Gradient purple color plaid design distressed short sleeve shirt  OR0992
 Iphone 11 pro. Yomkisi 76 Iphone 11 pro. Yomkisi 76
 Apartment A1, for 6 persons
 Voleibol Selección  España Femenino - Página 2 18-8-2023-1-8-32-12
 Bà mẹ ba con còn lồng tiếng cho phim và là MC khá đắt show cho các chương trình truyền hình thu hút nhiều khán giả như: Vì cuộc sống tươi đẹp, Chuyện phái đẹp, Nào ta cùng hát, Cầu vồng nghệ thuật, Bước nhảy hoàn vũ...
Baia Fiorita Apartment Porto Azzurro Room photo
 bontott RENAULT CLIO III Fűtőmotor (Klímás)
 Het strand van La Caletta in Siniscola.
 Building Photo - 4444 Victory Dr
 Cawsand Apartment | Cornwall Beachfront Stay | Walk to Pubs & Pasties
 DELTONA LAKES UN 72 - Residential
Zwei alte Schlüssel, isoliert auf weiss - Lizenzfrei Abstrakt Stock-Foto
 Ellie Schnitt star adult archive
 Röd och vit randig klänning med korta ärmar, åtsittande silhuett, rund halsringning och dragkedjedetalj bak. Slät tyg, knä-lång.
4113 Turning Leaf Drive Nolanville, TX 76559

| The problem |
Look over the listing above and copy each line that contains "Apartment".

| Answer to this task |
 Apartment A1, for 6 persons
Baia Fiorita Apartment Porto Azzurro Room photo
 Cawsand Apartment | Cornwall Beachfront Stay | Walk to Pubs & Pasties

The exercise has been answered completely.